Carlos Puga

Personal information
- Full name: Carlos Francisco Puga Medina
- Date of birth: 26 November 2000 (age 25)
- Place of birth: Albuñol, Spain
- Height: 1.75 m (5 ft 9 in)
- Position: Right-back

Team information
- Current team: Málaga
- Number: 3

Youth career
- Albuñol
- 2008–2011: La Mojonera
- 2011–2015: Granada
- 2015–2017: Almería
- 2017–2018: La Mojonera
- 2018–2019: Santa Fe

Senior career*
- Years: Team / Apps / (Gls)
- 2019–2020: Motril / 27 / (3)
- 2020–2021: Córdoba B / 22 / (0)
- 2021–2023: Córdoba / 60 / (0)
- 2023–2024: Atlético Madrid B / 13 / (0)
- 2024–: Málaga / 69 / (0)

= Carlos Puga =

Spanish association football player

Carlos Francisco Puga Medina (born 26 November 2000) is a Spanish professional footballer who plays for Málaga CF. Mainly a right-back, he can also play as a right winger.

==Career==
Born in Albuñol, Granada, Andalusia, Puga represented AD Albuñol and La Mojonera CF before joining Granada CF's youth setup in 2011. He moved to UD Almería in 2015 before returning to La Mojonera in 2017, and finished his formation with CD Santa Fe.

In 2019, Puga signed for Tercera División side CF Motril. He made his senior debut on 25 August, in a 2–0 away win over Loja CD, and scored his first goal on 8 September, netting his team's third in a 3–1 win at Melilla CD.

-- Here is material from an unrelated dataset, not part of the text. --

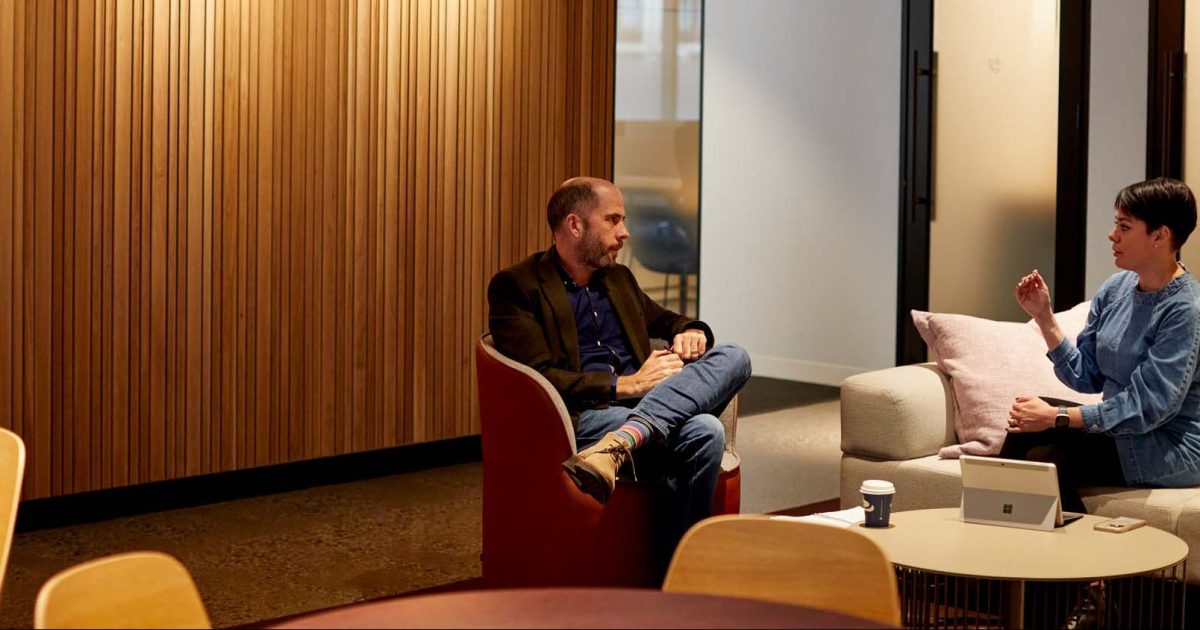 A man and a woman sit around a low coffee table, discussing file naming conventions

On 5 October 2020, Puga moved to Córdoba CF and was initially assigned to the reserves also in the fourth division. The following 1 July, after already making his first team debut in Segunda División B, he renewed his contract until 2023 and was definitely assigned to the main squad now in Segunda División RFEF.

On 1 August 2023, Puga agreed to a two-year deal with another reserve team, Atlético Madrid B in Primera Federación. He terminated his link with the Colchoneros on 1 February of the following year, and signed for fellow league team Málaga CF just hours later.

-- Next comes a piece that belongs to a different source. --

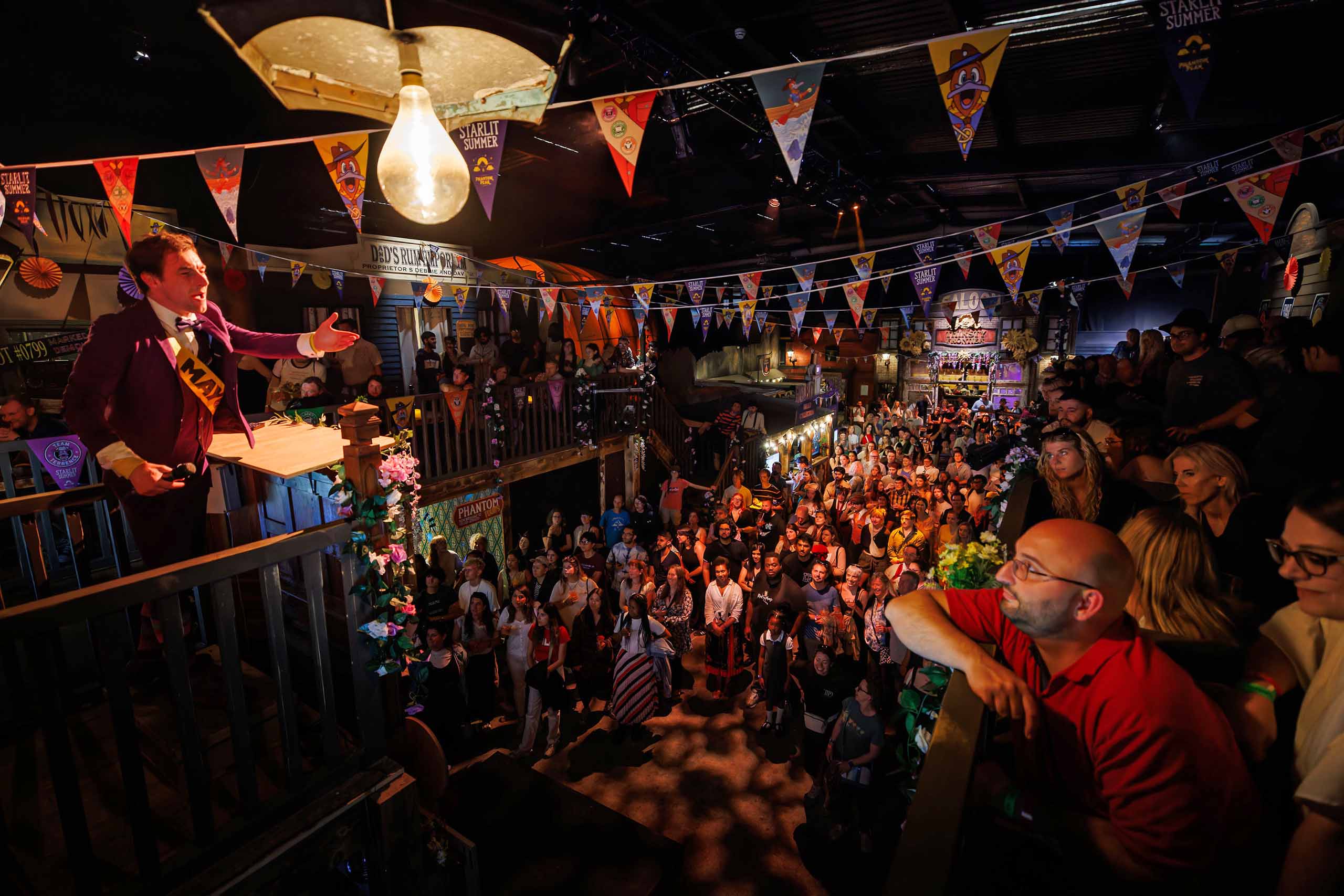 In a dark venue with signs and flags hanging all around, a costumed performer speaks from a balcony while a seated audience fills the space below and in the adjacent balcony.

On 4 July 2024, after helping the Blanquiazules in their promotion to Segunda División, Puga renewed his contract until 2026. He made his professional debut on 24 August, starting in a 1–1 home draw against CD Mirandés.

Puga subsequently established himself as a first-choice, and further extended his link until 2029 on 23 January 2026. He made his La Liga debut on 19 August, starting in a 2–0 away loss to former side Atlético Madrid.